Data for the task –
+++
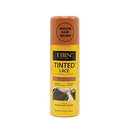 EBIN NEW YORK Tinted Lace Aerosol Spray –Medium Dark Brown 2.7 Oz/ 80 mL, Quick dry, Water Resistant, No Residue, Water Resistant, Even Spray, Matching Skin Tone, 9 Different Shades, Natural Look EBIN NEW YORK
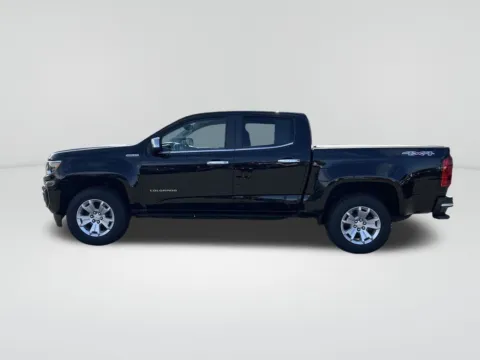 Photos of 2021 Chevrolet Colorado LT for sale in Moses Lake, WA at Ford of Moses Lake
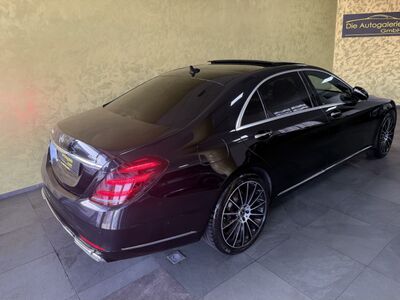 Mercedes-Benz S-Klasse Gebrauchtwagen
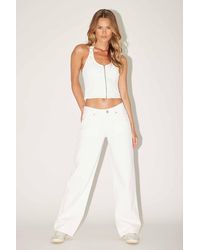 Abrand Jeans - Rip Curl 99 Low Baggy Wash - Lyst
+++
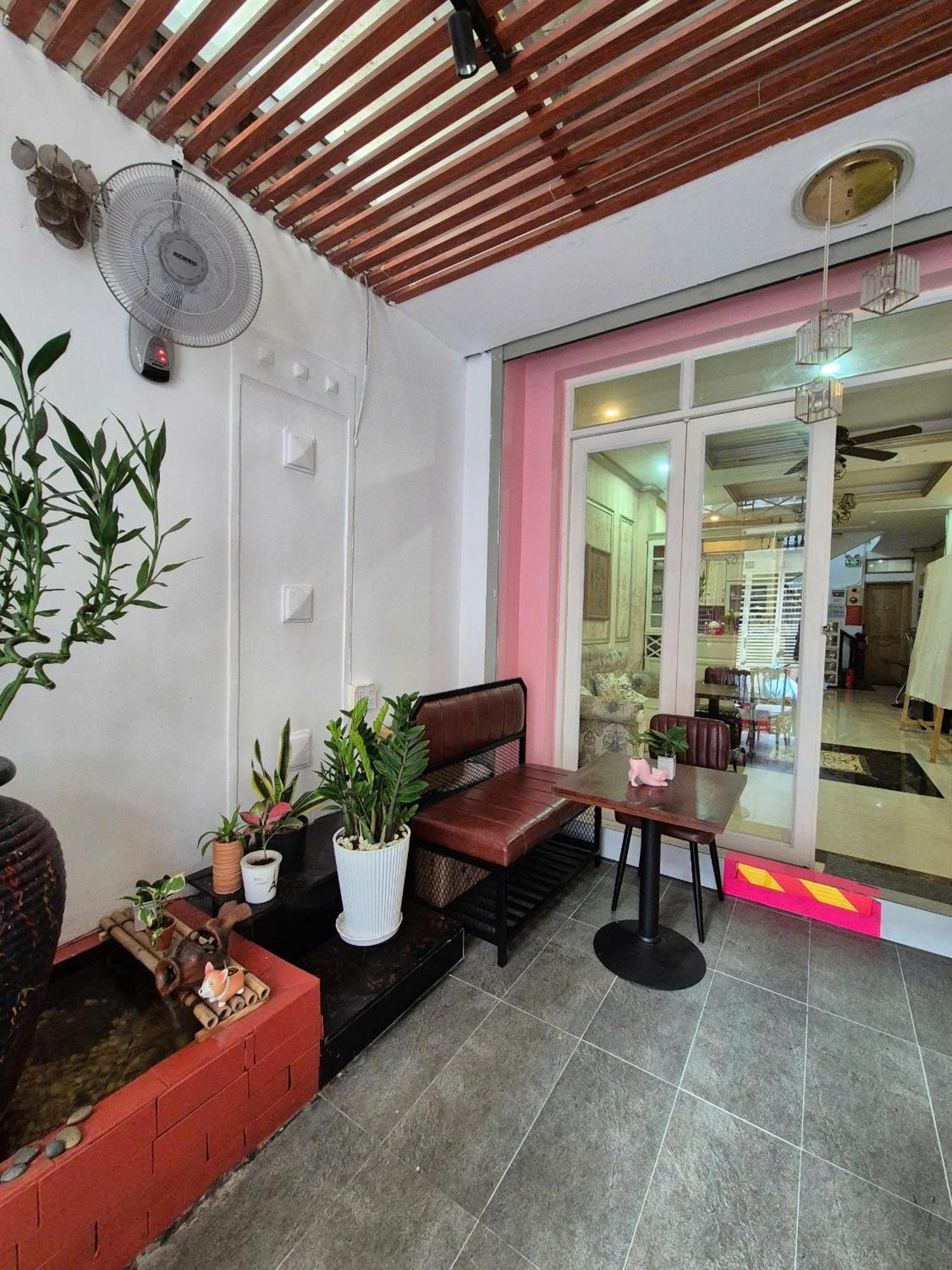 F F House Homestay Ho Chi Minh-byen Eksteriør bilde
+++
Your objective – The answer is those lines of the material above that run from the one containing "Mercedes-Benz S-Klasse Gebrauchtwagen" up to and including the one containing "Abrand Jeans - Rip", restated exactly and without images.

Solution for this task –
 Mercedes-Benz S-Klasse Gebrauchtwagen
 Abrand Jeans - Rip Curl 99 Low Baggy Wash - Lyst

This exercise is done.